What lines of the data below hold the string "Photo"? Copy each one.

BEGIN Exercise inputs

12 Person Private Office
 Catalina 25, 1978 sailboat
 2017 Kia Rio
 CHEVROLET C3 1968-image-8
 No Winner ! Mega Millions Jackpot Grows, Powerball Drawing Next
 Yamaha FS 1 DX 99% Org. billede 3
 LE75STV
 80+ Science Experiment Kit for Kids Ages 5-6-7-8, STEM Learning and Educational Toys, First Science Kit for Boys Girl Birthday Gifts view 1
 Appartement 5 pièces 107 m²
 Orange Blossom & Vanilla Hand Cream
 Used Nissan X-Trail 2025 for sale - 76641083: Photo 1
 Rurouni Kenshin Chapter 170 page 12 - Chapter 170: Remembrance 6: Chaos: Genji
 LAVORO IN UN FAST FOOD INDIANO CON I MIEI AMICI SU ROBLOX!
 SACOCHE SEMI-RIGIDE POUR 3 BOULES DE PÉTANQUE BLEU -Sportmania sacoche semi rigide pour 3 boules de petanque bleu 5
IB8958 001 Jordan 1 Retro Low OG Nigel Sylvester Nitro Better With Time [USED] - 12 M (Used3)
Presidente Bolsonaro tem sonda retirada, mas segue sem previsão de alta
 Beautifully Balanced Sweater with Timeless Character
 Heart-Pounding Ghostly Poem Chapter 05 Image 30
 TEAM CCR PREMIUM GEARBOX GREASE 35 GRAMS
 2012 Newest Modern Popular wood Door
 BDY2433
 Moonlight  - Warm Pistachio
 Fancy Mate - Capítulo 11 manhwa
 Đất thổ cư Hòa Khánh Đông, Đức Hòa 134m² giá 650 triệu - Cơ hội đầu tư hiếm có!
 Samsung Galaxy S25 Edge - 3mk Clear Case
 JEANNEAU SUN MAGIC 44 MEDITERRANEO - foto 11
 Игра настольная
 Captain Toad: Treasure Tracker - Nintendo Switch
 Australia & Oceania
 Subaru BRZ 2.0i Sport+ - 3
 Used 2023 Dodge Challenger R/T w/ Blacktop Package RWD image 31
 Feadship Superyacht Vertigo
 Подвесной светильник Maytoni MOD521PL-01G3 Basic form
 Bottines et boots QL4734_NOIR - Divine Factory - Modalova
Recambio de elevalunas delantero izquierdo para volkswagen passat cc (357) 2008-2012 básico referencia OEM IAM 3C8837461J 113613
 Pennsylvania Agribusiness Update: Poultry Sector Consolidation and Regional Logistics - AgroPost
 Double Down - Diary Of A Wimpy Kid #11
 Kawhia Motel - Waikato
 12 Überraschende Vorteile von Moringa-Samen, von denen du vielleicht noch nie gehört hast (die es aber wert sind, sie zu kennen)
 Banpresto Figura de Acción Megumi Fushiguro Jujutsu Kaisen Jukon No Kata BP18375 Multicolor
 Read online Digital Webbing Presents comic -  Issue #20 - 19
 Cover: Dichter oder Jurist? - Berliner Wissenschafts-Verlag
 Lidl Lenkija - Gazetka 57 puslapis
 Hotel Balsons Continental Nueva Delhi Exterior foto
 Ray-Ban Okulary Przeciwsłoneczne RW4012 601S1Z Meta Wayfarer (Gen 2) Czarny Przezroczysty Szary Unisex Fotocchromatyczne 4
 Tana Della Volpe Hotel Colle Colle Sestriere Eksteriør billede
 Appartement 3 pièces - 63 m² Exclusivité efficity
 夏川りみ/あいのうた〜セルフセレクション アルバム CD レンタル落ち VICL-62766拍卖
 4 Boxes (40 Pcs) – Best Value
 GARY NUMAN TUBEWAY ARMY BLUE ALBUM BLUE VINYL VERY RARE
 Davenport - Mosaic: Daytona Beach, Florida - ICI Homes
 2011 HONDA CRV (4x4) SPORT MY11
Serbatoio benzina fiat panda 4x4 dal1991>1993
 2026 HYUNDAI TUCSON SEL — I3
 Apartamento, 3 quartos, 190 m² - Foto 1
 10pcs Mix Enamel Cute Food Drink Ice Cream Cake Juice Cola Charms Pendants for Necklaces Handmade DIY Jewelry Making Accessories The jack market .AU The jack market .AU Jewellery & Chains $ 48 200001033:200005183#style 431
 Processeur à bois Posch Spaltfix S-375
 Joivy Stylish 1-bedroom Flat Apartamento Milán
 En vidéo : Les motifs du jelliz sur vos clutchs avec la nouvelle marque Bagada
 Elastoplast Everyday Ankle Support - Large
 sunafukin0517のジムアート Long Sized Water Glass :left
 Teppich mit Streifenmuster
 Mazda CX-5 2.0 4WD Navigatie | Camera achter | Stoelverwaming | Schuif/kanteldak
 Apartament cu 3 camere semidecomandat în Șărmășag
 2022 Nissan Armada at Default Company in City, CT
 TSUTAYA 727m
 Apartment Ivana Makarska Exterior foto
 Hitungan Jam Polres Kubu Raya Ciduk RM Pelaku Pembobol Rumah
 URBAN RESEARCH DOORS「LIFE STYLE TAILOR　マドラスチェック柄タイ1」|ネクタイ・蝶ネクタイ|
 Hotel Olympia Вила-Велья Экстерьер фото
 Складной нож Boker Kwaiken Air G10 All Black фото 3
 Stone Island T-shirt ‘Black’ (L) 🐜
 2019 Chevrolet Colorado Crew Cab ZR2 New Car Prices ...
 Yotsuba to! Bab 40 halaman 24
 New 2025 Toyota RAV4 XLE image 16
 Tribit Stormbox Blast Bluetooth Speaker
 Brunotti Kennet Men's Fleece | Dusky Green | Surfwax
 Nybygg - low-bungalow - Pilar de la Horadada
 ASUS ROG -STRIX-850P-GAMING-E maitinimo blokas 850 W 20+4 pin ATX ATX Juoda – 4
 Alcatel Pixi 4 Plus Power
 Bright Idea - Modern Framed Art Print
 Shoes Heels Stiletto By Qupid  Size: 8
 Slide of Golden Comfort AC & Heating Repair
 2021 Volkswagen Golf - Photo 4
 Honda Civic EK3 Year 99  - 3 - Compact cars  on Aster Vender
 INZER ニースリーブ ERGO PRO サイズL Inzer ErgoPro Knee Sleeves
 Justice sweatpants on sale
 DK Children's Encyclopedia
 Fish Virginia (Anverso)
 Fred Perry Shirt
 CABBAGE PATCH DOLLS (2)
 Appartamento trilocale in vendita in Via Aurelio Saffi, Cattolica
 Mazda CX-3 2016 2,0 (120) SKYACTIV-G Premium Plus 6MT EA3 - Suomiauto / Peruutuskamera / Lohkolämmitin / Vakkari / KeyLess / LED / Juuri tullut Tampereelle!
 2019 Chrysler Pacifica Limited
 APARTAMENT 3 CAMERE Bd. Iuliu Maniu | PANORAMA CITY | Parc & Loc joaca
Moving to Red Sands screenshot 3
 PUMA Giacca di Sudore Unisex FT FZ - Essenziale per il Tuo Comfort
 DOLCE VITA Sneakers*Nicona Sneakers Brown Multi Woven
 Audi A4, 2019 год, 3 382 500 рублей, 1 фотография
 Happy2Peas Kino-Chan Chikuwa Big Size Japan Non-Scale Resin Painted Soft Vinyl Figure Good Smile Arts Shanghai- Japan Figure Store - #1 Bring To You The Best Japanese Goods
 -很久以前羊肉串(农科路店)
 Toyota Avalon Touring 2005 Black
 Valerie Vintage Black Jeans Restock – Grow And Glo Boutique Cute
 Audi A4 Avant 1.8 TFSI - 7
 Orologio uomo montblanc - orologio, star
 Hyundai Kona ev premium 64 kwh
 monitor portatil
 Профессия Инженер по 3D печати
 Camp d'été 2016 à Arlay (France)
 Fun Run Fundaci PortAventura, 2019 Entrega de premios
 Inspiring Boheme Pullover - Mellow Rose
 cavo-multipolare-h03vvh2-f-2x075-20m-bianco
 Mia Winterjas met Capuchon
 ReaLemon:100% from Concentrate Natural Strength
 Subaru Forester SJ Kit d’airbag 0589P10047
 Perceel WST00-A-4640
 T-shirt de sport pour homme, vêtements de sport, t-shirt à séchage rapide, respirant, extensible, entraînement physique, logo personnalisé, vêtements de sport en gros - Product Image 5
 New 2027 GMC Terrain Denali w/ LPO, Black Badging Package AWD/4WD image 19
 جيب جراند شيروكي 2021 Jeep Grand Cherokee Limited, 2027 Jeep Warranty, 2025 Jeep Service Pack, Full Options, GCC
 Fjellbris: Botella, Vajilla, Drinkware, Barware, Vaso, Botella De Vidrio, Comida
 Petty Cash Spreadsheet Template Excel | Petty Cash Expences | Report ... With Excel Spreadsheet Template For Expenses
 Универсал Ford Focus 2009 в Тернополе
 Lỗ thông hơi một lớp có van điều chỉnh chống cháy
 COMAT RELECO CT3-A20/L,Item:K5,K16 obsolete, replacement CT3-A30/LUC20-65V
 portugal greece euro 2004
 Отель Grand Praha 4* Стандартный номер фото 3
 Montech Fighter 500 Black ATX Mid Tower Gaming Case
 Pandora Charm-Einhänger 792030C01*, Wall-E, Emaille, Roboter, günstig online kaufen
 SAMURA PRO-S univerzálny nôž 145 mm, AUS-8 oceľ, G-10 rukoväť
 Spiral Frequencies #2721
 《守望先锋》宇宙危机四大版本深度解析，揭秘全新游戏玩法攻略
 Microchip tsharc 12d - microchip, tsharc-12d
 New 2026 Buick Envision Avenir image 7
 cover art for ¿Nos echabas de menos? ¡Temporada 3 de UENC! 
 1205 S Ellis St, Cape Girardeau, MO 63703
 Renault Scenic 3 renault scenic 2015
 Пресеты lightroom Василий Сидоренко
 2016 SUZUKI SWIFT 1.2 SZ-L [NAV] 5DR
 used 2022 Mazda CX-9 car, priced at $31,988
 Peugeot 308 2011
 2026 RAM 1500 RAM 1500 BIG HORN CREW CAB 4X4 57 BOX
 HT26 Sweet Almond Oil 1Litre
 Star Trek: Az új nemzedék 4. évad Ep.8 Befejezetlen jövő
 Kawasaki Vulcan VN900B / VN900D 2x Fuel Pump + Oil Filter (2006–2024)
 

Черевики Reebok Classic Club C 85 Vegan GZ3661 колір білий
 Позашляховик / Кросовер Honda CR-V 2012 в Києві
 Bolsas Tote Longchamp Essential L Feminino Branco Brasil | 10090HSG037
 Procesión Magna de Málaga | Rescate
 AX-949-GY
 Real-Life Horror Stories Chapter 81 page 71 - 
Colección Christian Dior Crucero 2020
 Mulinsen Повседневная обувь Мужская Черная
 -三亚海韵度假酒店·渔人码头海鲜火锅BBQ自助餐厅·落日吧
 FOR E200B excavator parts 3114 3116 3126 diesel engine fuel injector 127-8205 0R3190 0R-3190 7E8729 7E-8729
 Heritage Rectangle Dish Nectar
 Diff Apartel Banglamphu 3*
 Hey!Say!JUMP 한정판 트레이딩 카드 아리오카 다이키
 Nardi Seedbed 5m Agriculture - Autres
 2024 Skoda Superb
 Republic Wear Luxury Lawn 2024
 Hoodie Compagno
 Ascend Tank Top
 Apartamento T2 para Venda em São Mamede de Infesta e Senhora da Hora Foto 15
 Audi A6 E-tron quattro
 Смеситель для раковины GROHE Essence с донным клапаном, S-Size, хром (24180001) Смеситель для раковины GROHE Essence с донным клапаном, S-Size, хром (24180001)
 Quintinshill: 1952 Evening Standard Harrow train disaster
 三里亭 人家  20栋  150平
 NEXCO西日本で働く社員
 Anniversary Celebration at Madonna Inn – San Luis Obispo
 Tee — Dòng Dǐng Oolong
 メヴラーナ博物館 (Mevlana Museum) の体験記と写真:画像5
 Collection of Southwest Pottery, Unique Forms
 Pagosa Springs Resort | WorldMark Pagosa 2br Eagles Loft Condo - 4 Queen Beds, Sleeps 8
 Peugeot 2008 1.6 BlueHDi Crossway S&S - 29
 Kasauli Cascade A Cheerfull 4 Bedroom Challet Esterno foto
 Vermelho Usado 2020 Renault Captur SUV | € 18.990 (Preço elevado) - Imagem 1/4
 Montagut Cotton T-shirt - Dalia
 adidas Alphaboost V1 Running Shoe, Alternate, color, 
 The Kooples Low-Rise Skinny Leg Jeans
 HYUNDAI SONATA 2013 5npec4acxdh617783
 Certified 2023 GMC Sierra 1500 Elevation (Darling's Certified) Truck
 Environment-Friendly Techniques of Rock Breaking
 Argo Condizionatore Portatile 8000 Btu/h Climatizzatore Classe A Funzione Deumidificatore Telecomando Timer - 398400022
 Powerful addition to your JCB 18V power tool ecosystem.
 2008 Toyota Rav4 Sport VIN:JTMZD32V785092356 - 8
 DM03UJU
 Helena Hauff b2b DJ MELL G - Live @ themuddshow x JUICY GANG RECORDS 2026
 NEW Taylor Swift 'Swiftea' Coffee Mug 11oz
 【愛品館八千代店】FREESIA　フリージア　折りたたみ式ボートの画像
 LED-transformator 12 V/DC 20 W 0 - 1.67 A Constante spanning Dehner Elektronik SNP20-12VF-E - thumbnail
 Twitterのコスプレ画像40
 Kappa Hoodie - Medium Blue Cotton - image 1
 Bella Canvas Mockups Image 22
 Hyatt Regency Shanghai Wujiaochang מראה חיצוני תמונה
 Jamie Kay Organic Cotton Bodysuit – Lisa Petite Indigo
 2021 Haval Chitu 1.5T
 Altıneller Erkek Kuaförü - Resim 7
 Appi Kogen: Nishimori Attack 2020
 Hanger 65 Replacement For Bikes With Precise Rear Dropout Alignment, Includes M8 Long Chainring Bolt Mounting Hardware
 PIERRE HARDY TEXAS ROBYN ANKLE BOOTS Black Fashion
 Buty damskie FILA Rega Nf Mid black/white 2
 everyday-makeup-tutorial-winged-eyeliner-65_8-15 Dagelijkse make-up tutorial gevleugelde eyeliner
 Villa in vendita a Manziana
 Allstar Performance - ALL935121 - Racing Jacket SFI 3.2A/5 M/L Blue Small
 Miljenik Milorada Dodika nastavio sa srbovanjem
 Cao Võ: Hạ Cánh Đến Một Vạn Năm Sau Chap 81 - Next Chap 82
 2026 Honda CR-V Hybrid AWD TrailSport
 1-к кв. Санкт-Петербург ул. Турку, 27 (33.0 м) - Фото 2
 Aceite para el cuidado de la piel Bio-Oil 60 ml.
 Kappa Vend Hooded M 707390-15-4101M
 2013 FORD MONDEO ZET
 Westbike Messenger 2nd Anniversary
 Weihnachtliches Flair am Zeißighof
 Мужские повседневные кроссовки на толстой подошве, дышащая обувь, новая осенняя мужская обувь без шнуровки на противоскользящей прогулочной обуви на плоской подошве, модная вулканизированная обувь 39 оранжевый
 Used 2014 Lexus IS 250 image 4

END Exercise inputs

● Solution below
 Used Nissan X-Trail 2025 for sale - 76641083: Photo 1
 2021 Volkswagen Golf - Photo 4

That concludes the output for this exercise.